▶ _PROBLEM REQUIREMENTS_
In the listing below, find the line with "Rachel Roddy’s recipe", then repeat exactly every line from the top through that one.

....

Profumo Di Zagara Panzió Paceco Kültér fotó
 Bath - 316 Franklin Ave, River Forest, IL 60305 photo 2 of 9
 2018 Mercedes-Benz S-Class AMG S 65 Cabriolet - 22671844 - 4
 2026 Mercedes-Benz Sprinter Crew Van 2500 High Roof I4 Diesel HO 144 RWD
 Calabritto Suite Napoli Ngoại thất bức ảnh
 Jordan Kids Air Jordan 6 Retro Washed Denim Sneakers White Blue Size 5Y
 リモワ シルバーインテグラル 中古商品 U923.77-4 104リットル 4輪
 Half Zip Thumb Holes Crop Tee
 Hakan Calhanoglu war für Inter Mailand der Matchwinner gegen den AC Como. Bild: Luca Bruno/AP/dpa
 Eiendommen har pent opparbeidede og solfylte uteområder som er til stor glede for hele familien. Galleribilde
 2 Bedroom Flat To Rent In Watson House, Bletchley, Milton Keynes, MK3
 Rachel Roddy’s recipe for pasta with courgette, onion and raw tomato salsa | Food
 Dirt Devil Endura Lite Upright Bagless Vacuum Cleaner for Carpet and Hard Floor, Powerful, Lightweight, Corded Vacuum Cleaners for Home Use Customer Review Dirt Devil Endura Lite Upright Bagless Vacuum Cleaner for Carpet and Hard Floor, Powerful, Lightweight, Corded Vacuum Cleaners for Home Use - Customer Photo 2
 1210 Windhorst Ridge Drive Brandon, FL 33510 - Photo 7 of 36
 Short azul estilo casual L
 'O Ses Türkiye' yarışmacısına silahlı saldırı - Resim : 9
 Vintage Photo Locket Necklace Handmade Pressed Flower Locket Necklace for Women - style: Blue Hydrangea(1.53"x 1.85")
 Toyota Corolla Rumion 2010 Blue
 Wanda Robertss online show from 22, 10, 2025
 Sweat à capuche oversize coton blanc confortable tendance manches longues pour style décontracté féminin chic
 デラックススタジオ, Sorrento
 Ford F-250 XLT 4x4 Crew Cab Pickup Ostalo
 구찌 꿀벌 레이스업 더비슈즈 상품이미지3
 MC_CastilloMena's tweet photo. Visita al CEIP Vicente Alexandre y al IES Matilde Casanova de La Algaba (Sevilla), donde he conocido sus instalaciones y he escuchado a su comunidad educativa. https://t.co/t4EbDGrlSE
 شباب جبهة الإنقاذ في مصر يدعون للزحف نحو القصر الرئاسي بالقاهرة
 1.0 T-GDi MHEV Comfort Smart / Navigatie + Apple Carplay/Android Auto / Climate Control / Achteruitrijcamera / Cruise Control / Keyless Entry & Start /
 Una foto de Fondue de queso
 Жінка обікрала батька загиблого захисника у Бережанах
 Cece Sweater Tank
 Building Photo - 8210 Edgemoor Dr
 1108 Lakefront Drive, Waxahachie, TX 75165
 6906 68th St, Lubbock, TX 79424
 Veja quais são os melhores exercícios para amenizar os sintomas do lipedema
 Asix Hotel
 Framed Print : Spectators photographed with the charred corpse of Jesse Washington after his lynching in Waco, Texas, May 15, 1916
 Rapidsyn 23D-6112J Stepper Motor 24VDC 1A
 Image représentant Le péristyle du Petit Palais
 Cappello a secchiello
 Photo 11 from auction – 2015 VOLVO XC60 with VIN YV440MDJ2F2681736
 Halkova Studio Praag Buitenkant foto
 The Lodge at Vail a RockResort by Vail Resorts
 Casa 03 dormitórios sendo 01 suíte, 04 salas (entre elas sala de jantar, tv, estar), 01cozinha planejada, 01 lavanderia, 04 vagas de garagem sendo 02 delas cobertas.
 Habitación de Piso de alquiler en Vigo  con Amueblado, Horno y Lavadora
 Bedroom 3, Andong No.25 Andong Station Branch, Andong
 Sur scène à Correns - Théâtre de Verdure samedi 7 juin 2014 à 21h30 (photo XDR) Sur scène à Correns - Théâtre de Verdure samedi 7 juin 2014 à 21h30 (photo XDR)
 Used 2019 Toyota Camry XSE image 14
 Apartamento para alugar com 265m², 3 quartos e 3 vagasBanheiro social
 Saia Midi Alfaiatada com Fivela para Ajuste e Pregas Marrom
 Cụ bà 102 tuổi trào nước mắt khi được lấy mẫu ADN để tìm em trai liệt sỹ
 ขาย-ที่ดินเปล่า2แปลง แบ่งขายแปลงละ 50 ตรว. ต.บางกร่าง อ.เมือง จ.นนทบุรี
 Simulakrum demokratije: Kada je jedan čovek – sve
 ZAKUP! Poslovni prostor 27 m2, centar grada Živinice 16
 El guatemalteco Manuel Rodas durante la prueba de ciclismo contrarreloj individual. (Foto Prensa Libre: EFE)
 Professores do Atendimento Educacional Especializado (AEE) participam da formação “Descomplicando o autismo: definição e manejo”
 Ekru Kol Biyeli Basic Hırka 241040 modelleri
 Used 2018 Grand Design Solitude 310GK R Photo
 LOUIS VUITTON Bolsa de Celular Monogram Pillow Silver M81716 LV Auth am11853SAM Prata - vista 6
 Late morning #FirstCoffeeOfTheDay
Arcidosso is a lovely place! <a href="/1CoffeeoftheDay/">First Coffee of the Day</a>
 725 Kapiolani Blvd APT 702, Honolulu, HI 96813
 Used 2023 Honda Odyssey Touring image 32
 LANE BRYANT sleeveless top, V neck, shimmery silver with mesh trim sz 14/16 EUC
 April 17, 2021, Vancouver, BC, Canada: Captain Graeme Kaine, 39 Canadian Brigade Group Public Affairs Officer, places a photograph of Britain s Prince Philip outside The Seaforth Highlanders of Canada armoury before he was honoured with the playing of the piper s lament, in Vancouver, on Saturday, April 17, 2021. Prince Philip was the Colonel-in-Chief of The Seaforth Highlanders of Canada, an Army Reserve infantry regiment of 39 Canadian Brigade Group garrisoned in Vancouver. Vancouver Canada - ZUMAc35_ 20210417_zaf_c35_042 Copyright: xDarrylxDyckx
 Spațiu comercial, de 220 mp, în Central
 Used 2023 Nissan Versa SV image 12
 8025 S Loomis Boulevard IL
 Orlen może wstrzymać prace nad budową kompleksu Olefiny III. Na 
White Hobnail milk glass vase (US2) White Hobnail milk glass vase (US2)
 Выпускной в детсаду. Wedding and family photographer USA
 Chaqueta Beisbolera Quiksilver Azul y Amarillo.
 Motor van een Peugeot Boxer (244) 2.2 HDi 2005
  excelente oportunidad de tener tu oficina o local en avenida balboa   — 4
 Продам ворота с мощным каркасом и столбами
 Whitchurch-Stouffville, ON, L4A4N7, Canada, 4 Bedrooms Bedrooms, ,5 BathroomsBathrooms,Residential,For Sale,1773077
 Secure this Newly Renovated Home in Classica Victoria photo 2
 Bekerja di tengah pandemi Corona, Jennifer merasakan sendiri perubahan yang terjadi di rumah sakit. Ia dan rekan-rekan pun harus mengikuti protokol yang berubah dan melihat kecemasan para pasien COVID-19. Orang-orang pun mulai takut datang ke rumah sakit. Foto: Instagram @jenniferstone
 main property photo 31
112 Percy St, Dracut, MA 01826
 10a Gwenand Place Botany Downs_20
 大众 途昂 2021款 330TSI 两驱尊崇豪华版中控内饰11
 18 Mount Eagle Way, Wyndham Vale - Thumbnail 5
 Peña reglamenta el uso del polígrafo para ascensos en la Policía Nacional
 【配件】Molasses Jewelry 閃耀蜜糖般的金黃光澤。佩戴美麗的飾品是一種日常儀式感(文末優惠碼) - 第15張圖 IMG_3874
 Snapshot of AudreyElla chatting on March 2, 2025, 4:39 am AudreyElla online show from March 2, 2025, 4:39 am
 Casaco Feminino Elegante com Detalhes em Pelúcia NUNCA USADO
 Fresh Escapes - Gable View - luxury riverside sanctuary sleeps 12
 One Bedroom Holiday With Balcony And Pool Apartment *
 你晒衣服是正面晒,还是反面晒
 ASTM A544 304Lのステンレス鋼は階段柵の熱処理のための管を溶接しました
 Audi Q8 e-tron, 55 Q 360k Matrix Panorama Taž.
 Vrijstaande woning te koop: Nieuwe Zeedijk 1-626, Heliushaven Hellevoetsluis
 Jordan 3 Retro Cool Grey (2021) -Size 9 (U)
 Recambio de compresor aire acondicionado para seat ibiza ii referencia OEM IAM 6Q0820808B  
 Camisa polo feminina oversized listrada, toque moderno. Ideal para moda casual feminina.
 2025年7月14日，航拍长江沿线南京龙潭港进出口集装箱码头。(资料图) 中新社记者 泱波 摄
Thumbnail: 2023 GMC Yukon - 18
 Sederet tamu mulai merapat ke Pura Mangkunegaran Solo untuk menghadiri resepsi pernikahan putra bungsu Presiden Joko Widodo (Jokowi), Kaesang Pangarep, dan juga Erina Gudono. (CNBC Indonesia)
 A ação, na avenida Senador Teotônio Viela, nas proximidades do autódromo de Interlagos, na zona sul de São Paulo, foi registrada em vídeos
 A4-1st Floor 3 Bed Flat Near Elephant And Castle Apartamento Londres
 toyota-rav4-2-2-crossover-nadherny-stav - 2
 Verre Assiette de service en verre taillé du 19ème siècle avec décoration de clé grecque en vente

....

▶ _SOLUTION_
Profumo Di Zagara Panzió Paceco Kültér fotó
 Bath - 316 Franklin Ave, River Forest, IL 60305 photo 2 of 9
 2018 Mercedes-Benz S-Class AMG S 65 Cabriolet - 22671844 - 4
 2026 Mercedes-Benz Sprinter Crew Van 2500 High Roof I4 Diesel HO 144 RWD
 Calabritto Suite Napoli Ngoại thất bức ảnh
 Jordan Kids Air Jordan 6 Retro Washed Denim Sneakers White Blue Size 5Y
 リモワ シルバーインテグラル 中古商品 U923.77-4 104リットル 4輪
 Half Zip Thumb Holes Crop Tee
 Hakan Calhanoglu war für Inter Mailand der Matchwinner gegen den AC Como. Bild: Luca Bruno/AP/dpa
 Eiendommen har pent opparbeidede og solfylte uteområder som er til stor glede for hele familien. Galleribilde
 2 Bedroom Flat To Rent In Watson House, Bletchley, Milton Keynes, MK3
 Rachel Roddy’s recipe for pasta with courgette, onion and raw tomato salsa | Food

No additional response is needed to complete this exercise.